> Dataset excerpt
--- START ---
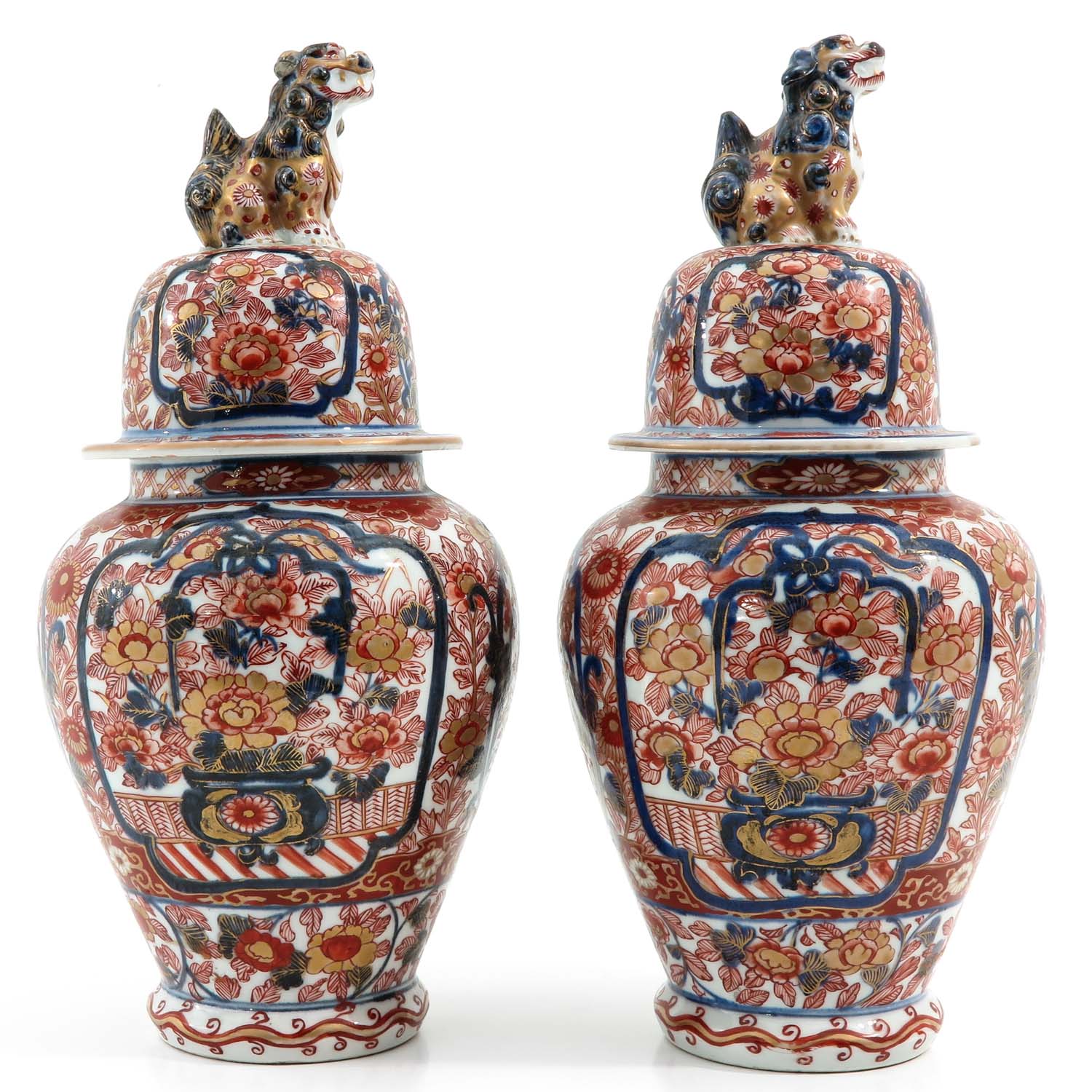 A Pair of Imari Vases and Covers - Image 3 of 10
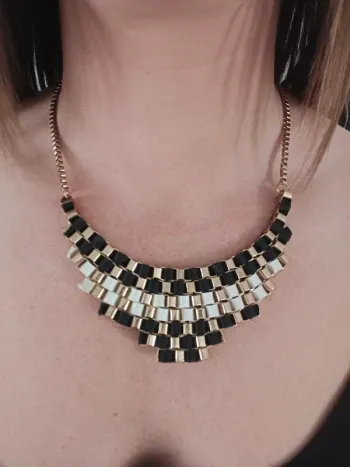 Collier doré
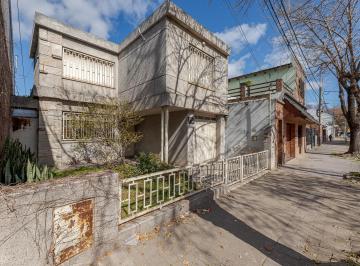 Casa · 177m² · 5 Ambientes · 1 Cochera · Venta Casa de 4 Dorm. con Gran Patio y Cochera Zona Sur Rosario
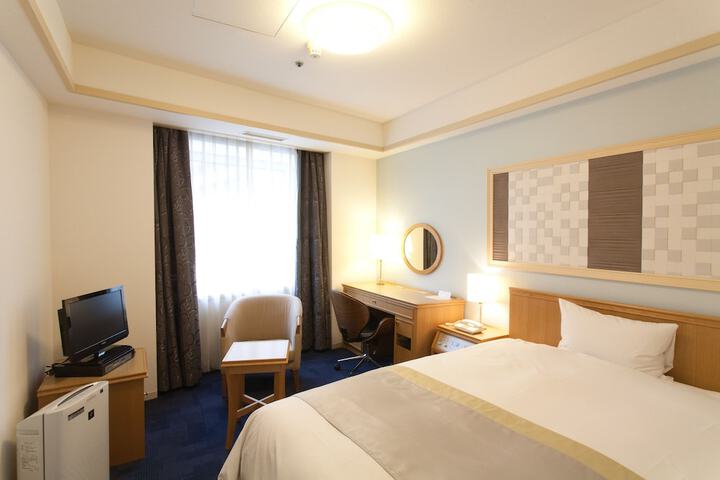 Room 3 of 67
--- END ---
Please copy, exactly and only, the lines of the listing that run from the one holding "Casa · 177m²" through its last line, and exclude pictures.

 Casa · 177m² · 5 Ambientes · 1 Cochera · Venta Casa de 4 Dorm. con Gran Patio y Cochera Zona Sur Rosario
 Room 3 of 67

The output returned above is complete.